Plaintiff contends that the bill of exceptions does not permit us to notice the other assignments of error which are pressed upon our attention. The bill of exceptions recites the trial of the cause before a jury, the taking of plaintiff's testimony which is attached as Exhibit A, the separate motions for nonsuit which were denied, and the taking of defendants' testimony which is attached as Exhibit B. The only portion of the testimony which is segregated is that which illustrates the foregoing rulings on the admissibility of evidence. The bill of exceptions sets out seriatim the instructions of the court, the exceptions reserved thereto, and the requested instructions which were not given; defendants being allowed exceptions to the refusal thereof. The exhibits which are sent up with the transcript are not physically attached to the bill of exceptions. Plaintiff contends in reliance on Keady v. United Railways Company, 57 Or. 325, 333, 334, 100 P. 658, 108 P. 197, that we cannot consider the bill of exceptions even for the purpose of reviewing the rulings on defendants' motions for a nonsuit, and for a directed verdict.
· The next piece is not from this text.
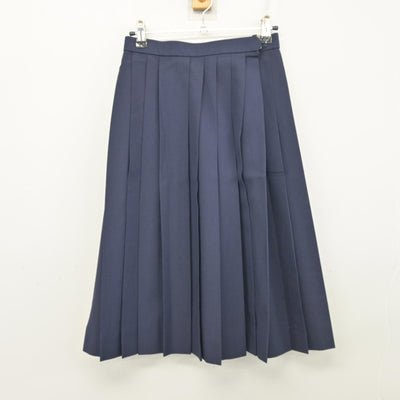 【中古】静岡県 磐田市立神明中学校 女子制服 2点 (セーラー服・スカート) sf103579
In the case cited the exhibits consisted of considerable documentary evidence, and the nature of the controversy was such that these documents might well prove decisive. The documents were neither attached to the bill of exceptions nor identified in any way except by a certificate of the county clerk. The certificate of the trial judge was to the effect that the bound volume of testimony together with the exhibits attached constituted all the evidence. There being no exhibits attached, it appeared affirmatively that a part of the testimony was missing. The court therefore applied the presumption that there was no error, and refused to consider the questions based on the bill of exceptions. One of these questions was the alleged error in denying the motion for a nonsuit.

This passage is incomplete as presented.